Problem statement
Please restate each line of the data that follows word for word, skipping any image.
(Beginning of Source information)
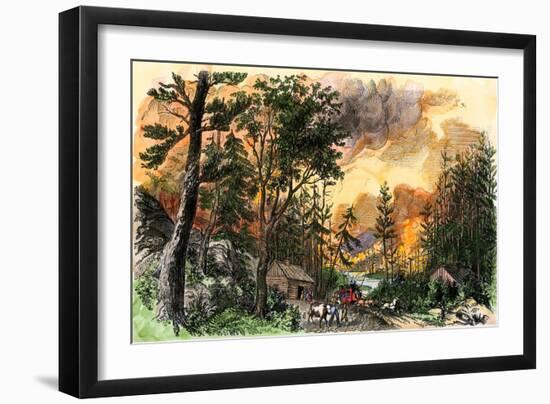 Family Fleeing a Forest Fire in the Maine Woods, 1850s-null-Framed Giclee Print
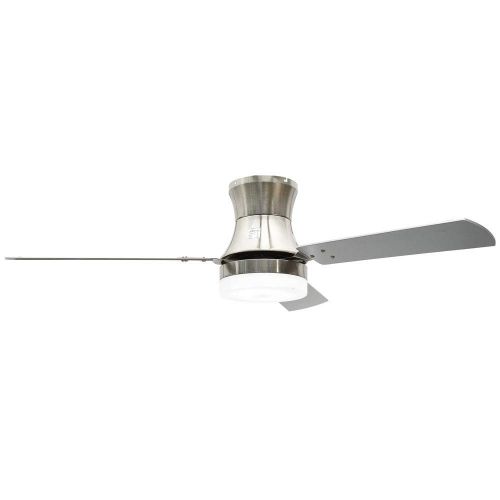  Huston Fan Silver Modern Simple 52 Inch Fandelier Ceiling Fan Light LED Lamp With 3 Reversible blade Indoor Remote LED Lamp for Restaurant Living Room Dining Room,Two Down Rod,Not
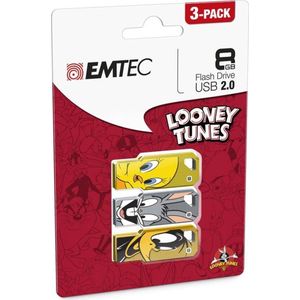 Emtec - M750 Looney Toons - USB-stick - 8 GB - 3 Stuks - USB 2.0, Leessnelheid tot 15 MB/s, Schrijfsnelheid tot 5 MB/s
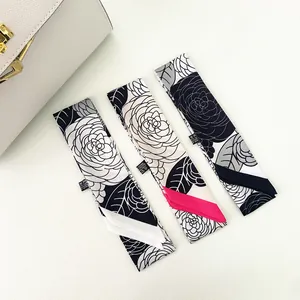 Elegant floral camellia print twilly silk scarves for handbags hair accessories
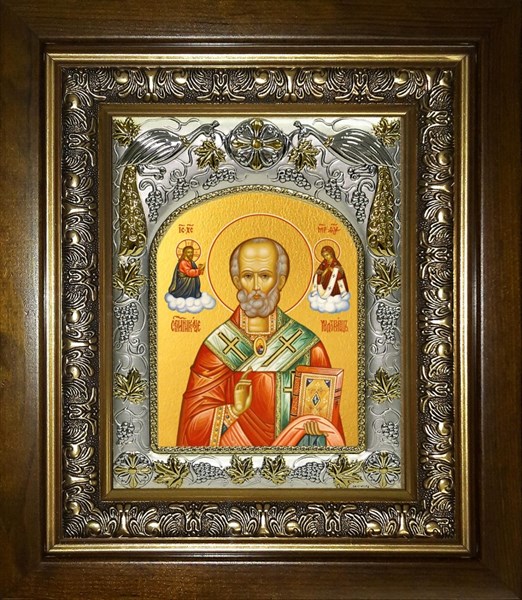 Икона Николай чудотворец, архиепископ Мир Ликийских,святитель, 14х18 см, в деревянном киоте 20х24 см 28988 - фото 42574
(End of Source information)
Answer to this exercise
 Family Fleeing a Forest Fire in the Maine Woods, 1850s-null-Framed Giclee Print
  Huston Fan Silver Modern Simple 52 Inch Fandelier Ceiling Fan Light LED Lamp With 3 Reversible blade Indoor Remote LED Lamp for Restaurant Living Room Dining Room,Two Down Rod,Not
 Emtec - M750 Looney Toons - USB-stick - 8 GB - 3 Stuks - USB 2.0, Leessnelheid tot 15 MB/s, Schrijfsnelheid tot 5 MB/s
 Elegant floral camellia print twilly silk scarves for handbags hair accessories
 Икона Николай чудотворец, архиепископ Мир Ликийских,святитель, 14х18 см, в деревянном киоте 20х24 см 28988 - фото 42574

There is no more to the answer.